The Nacho Dilemma

nacho-libre

In 2006 a profoundly insightful motion picture emerged impacting millions of people around the world as it caused them to question their deepest beliefs. Well . . . okay . . . maybe Nacho Libre, starring Jack Black, was neither profound nor insightful, and maybe it wasn’t even that great of a movie, but somehow it managed to reach a meaningful depth as it uncovered an often encountered dilemma.

That eccentric, quirky, potty-humor laden, and strangely popular film about the secret life of a monastery cook moonlighting as a luchador has found running through it one of the most relevant questions we face in the world today.

In a particularly memorable scene, Nacho is preparing to face a tough opponent, and he asks his tag team partner Esqueleto in a weirdly perfect Mexican accent, “I’m a little concerned right now about your salvation and stuff . . . why have you not been baptized?” Because this topic surfaced earlier when Esqueleto refused to ask for God’s help during a match, he becomes annoyed at the question and responds, “I don’t know why you always have to be judging me, because I only believe in science!” The exchange takes place in a dingy bathroom, before an obscure amateur wrestling match, in an odd and entirely silly movie, but perfectly illustrates one of the great dilemmas of our day: The choice between believing in God or believing in science.

But is this a great dilemma?
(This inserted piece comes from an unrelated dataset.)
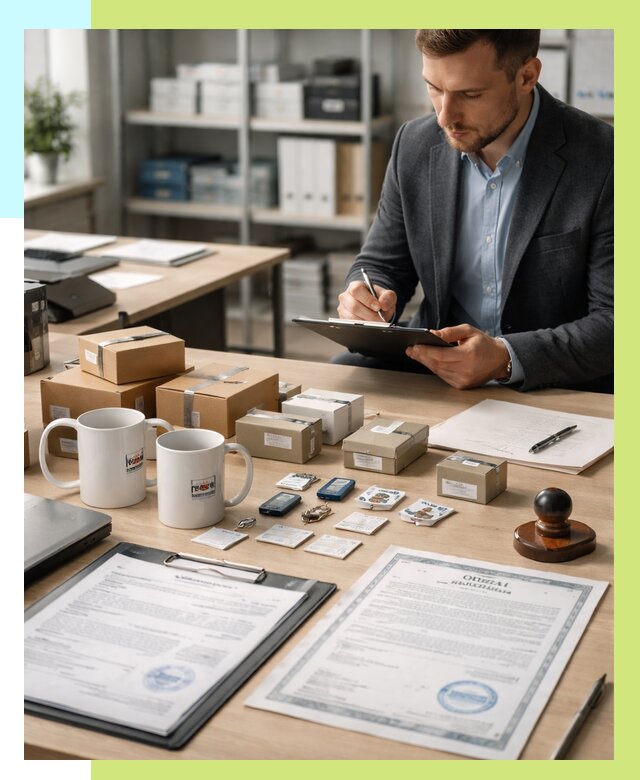 Сертификация сувениров в Луге от 12372 р. | Алешин-Лга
Are we really forced to choose between science and God? Most of us would agree on what it means to believe in God in a general sense and how that belief would impact the way we see the world. But what does it mean to “believe in science”? What exactly are we being asked to do when we are told to “embrace science” or “believe in it”? We are not simply asked to believe that water boils at 212 degrees or that gravity holds our feet on the ground – those phenomena are observable and repeatable and hardly require any belief at all to see them as true. What it really means to “believe in science” is to see those, and other observations like them, as all that exists. We are asked to believe that the natural world is all there is. Simply put, “believing in science” means to accept a naturalistic worldview. It turns out the word “science” here is just a ruse, what is really meant by it is the absence of God and that is an entirely different thing. Can it be that “believing in science” is the same as “believing in the absence of God”?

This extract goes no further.